A United Kingdom-based Ghanaian Lawyer, Elizabeth Asabea Turkson, daughter of an alumnus of the Asamankese Methodist Primary School, in the Lower West Akim Municipality of the Eastern Region has refurbished a library for the school.
She also stocked it with reading books for the pupils of the Freeman A & KG and the Wesley Primary A & B Schools in Asamankese, in honor of her late father, Ambassador Yaw Bamful Turkson, a former pupil of Asamankese Methodist Primary School in the 1930 and 1940s.
At a short ceremony for the handling of the project to the school authorities, she explained that “my father took education extremely seriously and he did everything to give my brother and me a very good education and I know that he enjoyed his time at this primary school and it laid the foundation for him to go on and to have a career as a diplomat, one of the first career diplomats of Ghana….This small gesture by my brother and me is not a one-off.’
She added that more books will be supplied to the library and they might be digitized at some stage.
She also said she hopes that the children will take advantage of The Ambassador Yaw Bamful Turkson Library and will spend time going back to the basics of
reading books.
As part of the efforts to develop the school, she also set up a 9-member development committee for the Schools which is chaired by the Very Rev.
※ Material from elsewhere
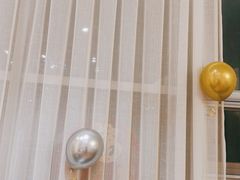 -御苑精品川菜馆(锦江店)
Dr. Francis Acquah, who has been mandated with about six projects in the pipeline.
These projects include the construction of a 10,000-liter water poly tank project for the school, a school bus, a wall around the school premises, lavatories, and an IT lab.
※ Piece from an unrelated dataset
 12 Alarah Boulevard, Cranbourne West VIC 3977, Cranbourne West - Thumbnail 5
Ms. Turkson further highlighted that children at the basic education levels are the future leaders in the fields they will choose to specialize in, hence the need to invest more in their education to prepare them for a better future.
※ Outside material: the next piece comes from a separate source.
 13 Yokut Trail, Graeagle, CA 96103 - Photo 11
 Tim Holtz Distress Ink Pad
The Municipal Director of Education, Eunice Amfo-Akomnor on her behalf also urged parents to complement the efforts of the school teachers to create a conducive teaching and learning environment for the children.
She further outlined some challenges confronting the school which need immediate intervention.
“Things are difficult though but we are pleading with the parents to provide some basic needs for their children, concerning teenage pregnancy, we want the Chiefs to set laws which ban children from roaming in the night attending parties and funerals, and also the parents should police their children in the house whilst the teachers also do their part in the school,” she said.
“The children too, let’s help them to inculcate the habit of reading, in so doing then we can say we are laying a good reading foundation for them, that notwithstanding, let us advise them to take good care of the books which have been brought to them so that we adequately prepare them for the BECE which is ahead,” she added.
She also called on individuals, philanthropists such as Ms. Turkson, NGOs, and the government to come to their aid.